▶ [Exercise directions]: Quote the records beneath, complete and exact. Leave out images.

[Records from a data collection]

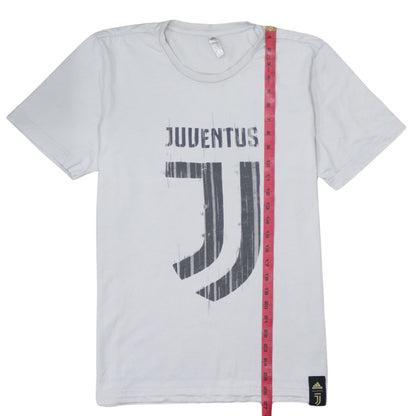 Adidas Men’s White Juventus Graphic T-Shirt Size M Sports Fan Tee
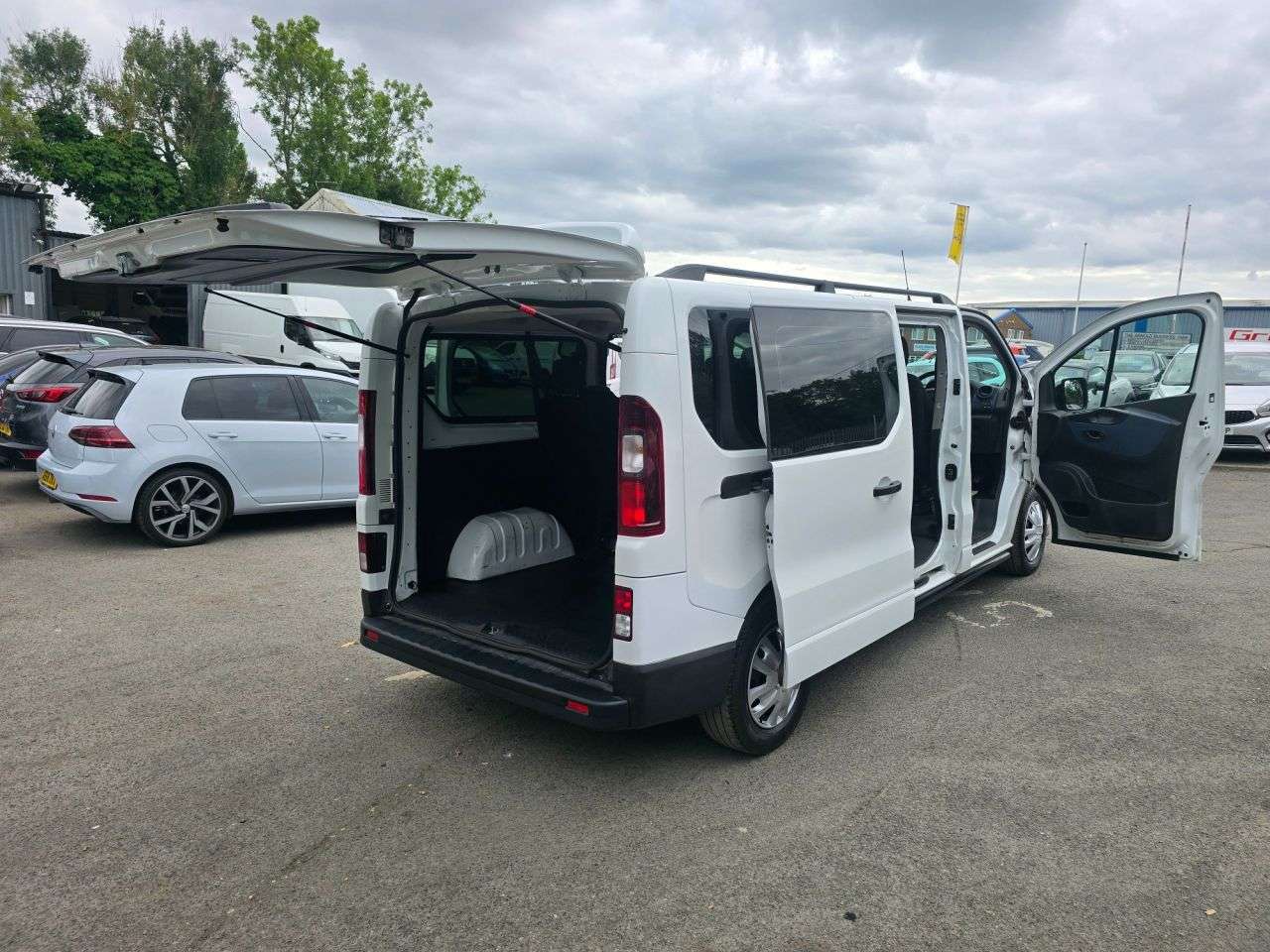 2018 VAUXHALL VIVARO 2018 VAUXHALL VIVARO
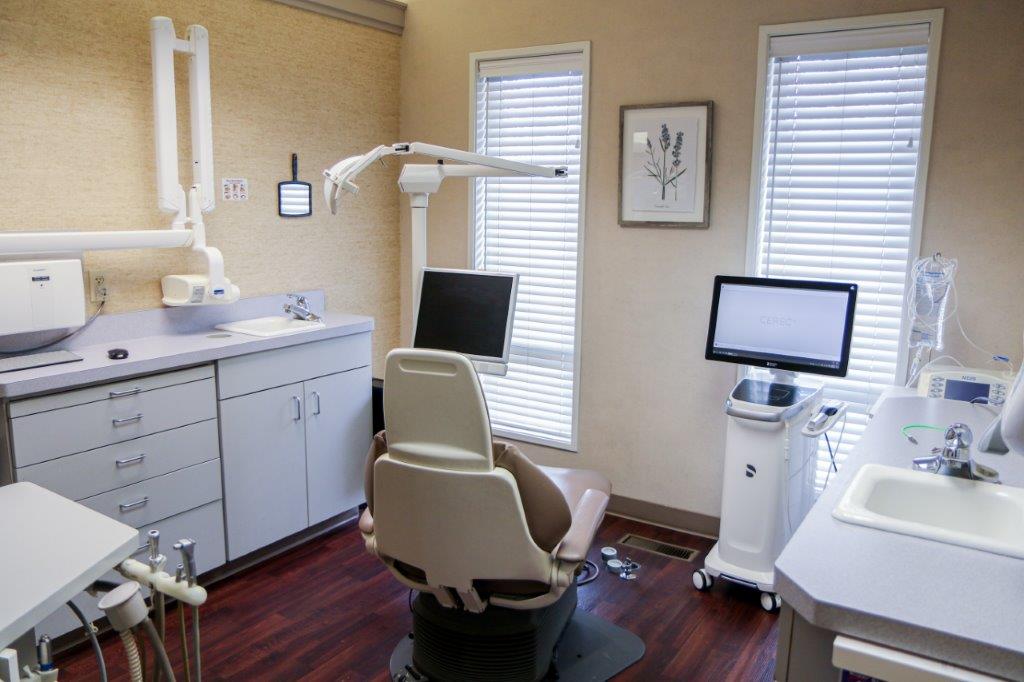 Elite Dental | 1234 N Riverside Ave STE #101, Medford, OR 97501, United States | Phone: (541) 690-1656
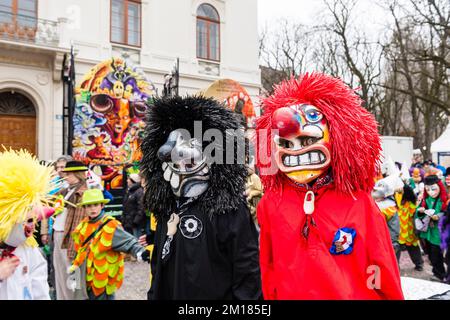 Viele verschiedene Gruppen von maskierten Menschen Fuß durch die Straßen von Basel für 3 Tage und Nächte im Basler Fasnacht, Abspielen von Musik aller Zeiten Stockfoto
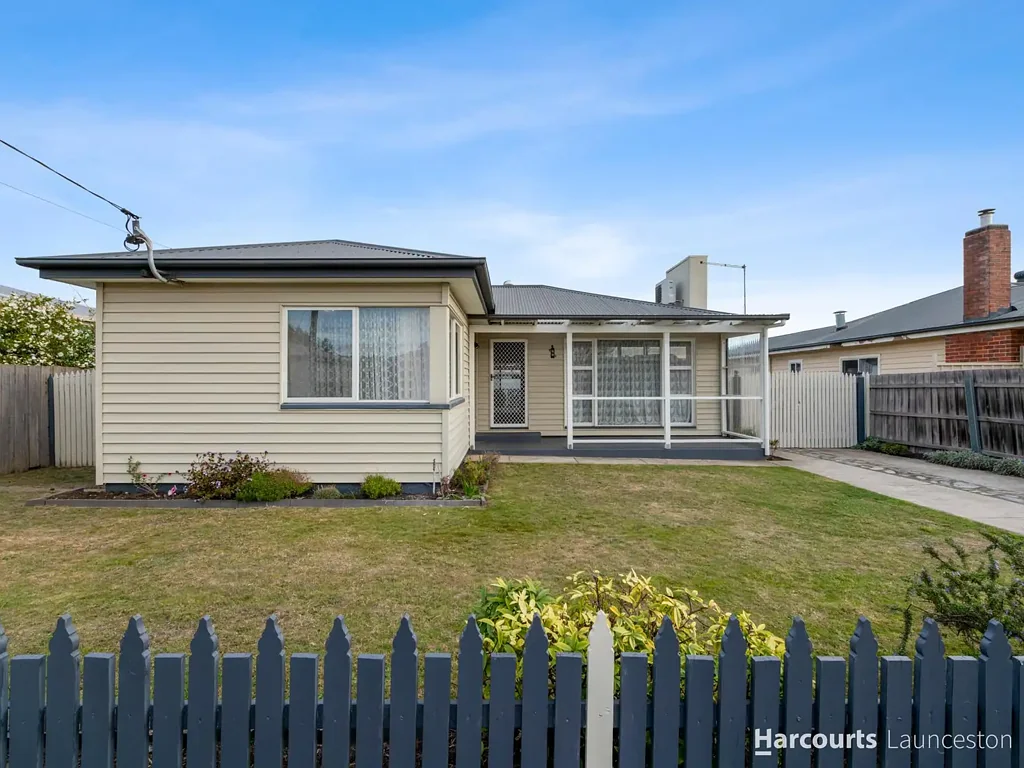 Well presented family home!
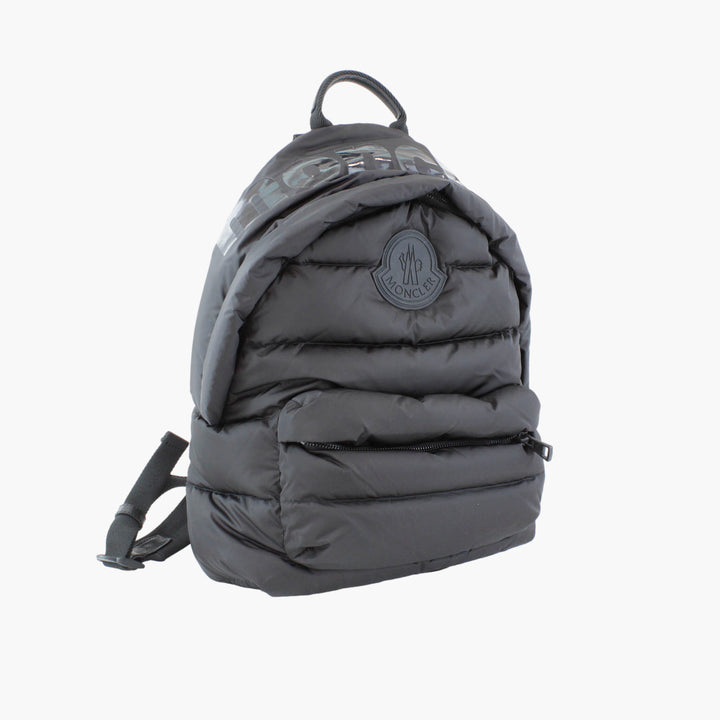 Moncler Black Quilted Bag with Adjustable Straps - Luxury and Functional Design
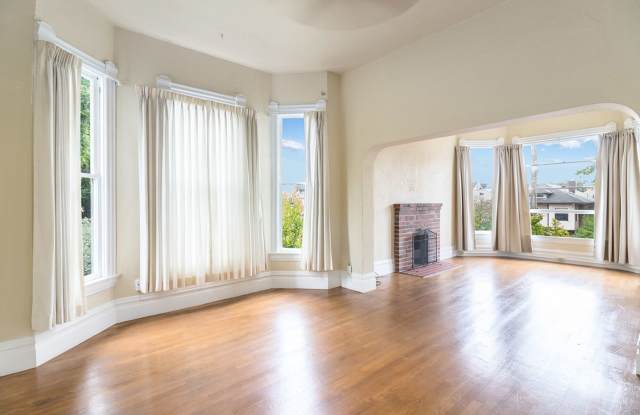 889 Laurel Street - 2 bedroom | 1 bath | Upper unit Victorian - 889 Laurel Street, Alameda, CA 94501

▶ [Your response]:
 Adidas Men’s White Juventus Graphic T-Shirt Size M Sports Fan Tee
 2018 VAUXHALL VIVARO 2018 VAUXHALL VIVARO
 Elite Dental | 1234 N Riverside Ave STE #101, Medford, OR 97501, United States | Phone: (541) 690-1656
 Viele verschiedene Gruppen von maskierten Menschen Fuß durch die Straßen von Basel für 3 Tage und Nächte im Basler Fasnacht, Abspielen von Musik aller Zeiten Stockfoto
 Well presented family home!
 Moncler Black Quilted Bag with Adjustable Straps - Luxury and Functional Design
 889 Laurel Street - 2 bedroom | 1 bath | Upper unit Victorian - 889 Laurel Street, Alameda, CA 94501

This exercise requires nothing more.